With the images excluded, set down every line of the listing below exactly.

+ + + + +

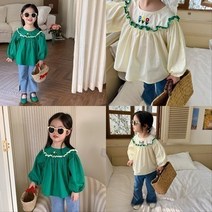 바로배송 자수 꽃 프릴 셔츠 봄 데일리 등하원룩 남방 둥이룩 자매룩 문센룩 북유럽풍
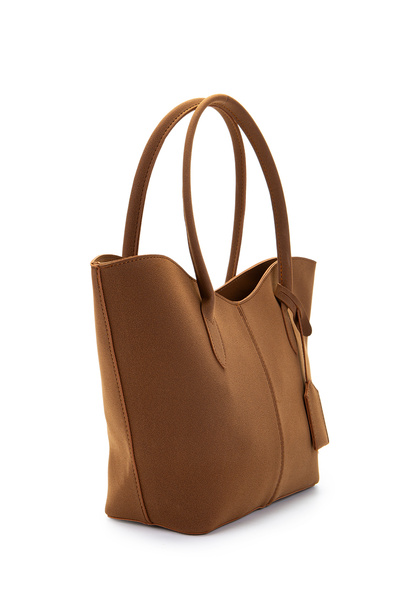 minebag Double Handle Suede Hype Women's Shoulder Bag Brown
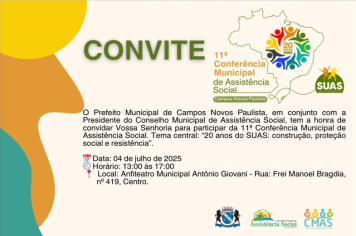 XI Conferência Municipal de Assistência Social está chegando!
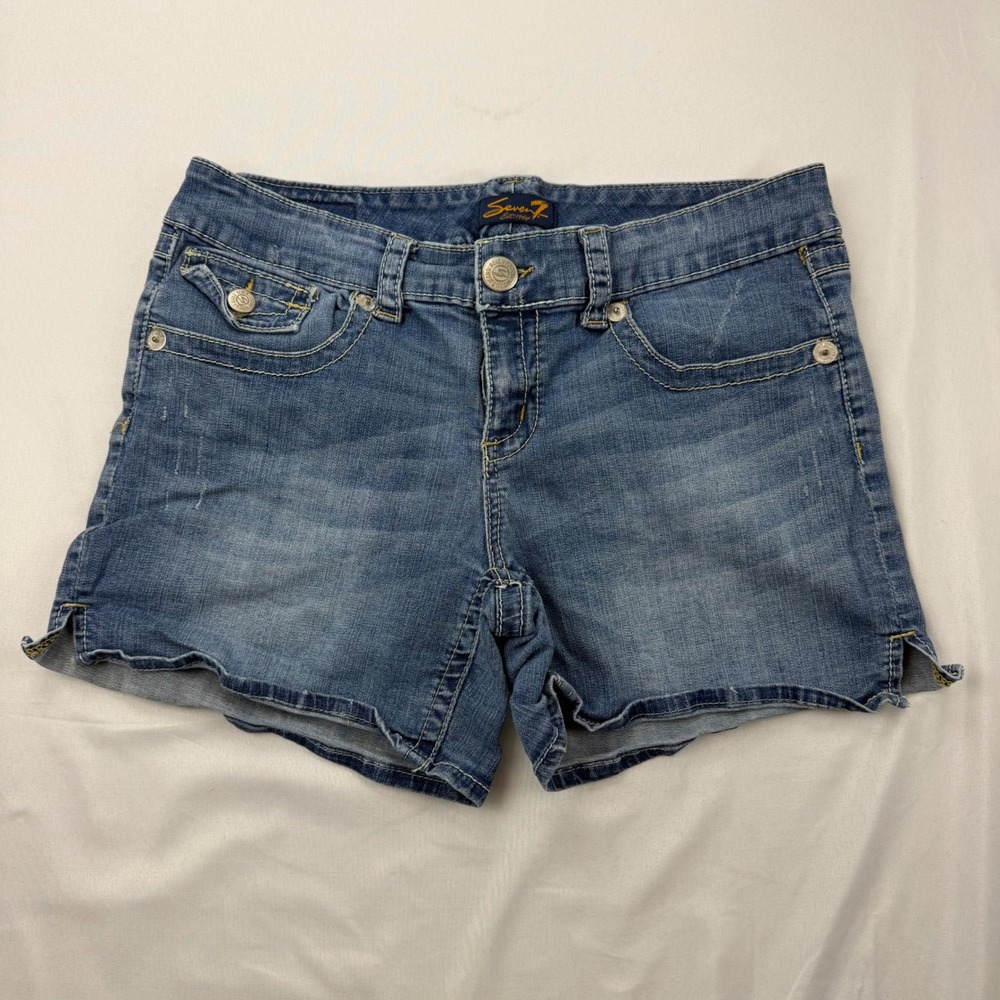 Seven7 Denim Shorts Womens 12 Blue Medium Wash Stretch Embroidered Flap Pocket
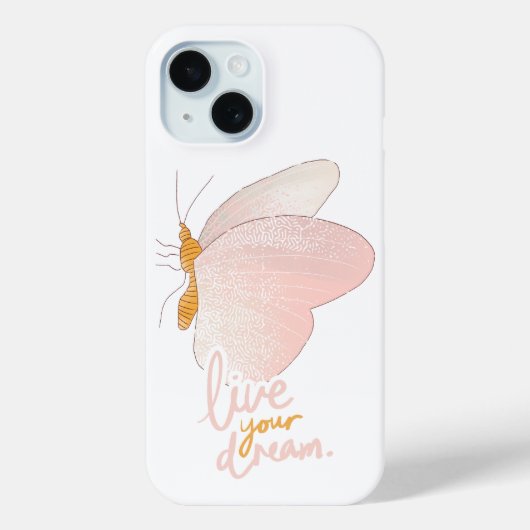 Leef Je Droom Aesthetic Perzik Vlinder iPhone Case-Mate iPhone Case (Achterkant)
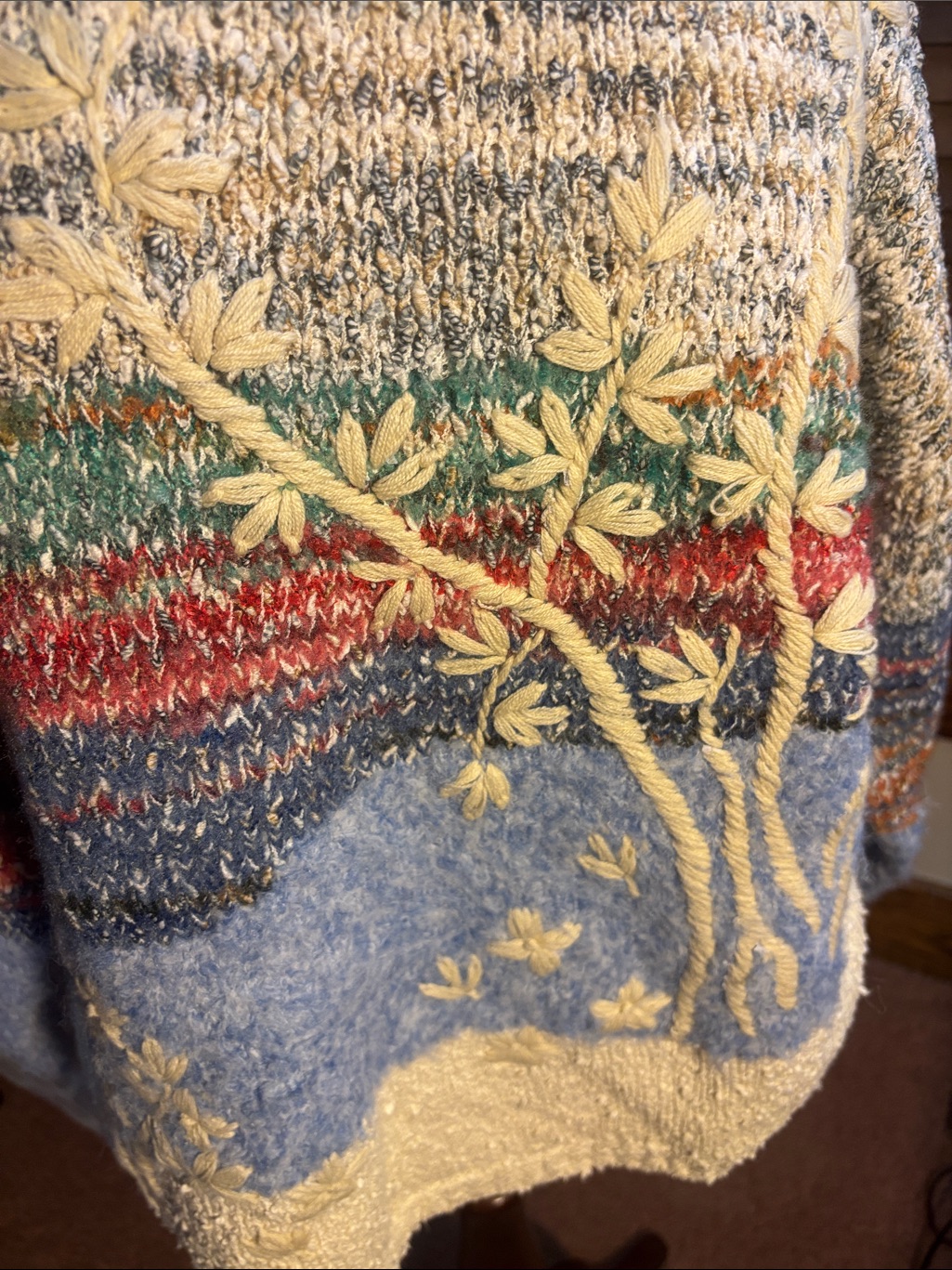 Nwt Desigual Cozy Multi-Color Embroidered Knit Sweater - Cream — image 2 of 5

+ + + + +

» Answer space:
 바로배송 자수 꽃 프릴 셔츠 봄 데일리 등하원룩 남방 둥이룩 자매룩 문센룩 북유럽풍
 minebag Double Handle Suede Hype Women's Shoulder Bag Brown
 XI Conferência Municipal de Assistência Social está chegando!
 Seven7 Denim Shorts Womens 12 Blue Medium Wash Stretch Embroidered Flap Pocket
 Leef Je Droom Aesthetic Perzik Vlinder iPhone Case-Mate iPhone Case (Achterkant)
 Nwt Desigual Cozy Multi-Color Embroidered Knit Sweater - Cream — image 2 of 5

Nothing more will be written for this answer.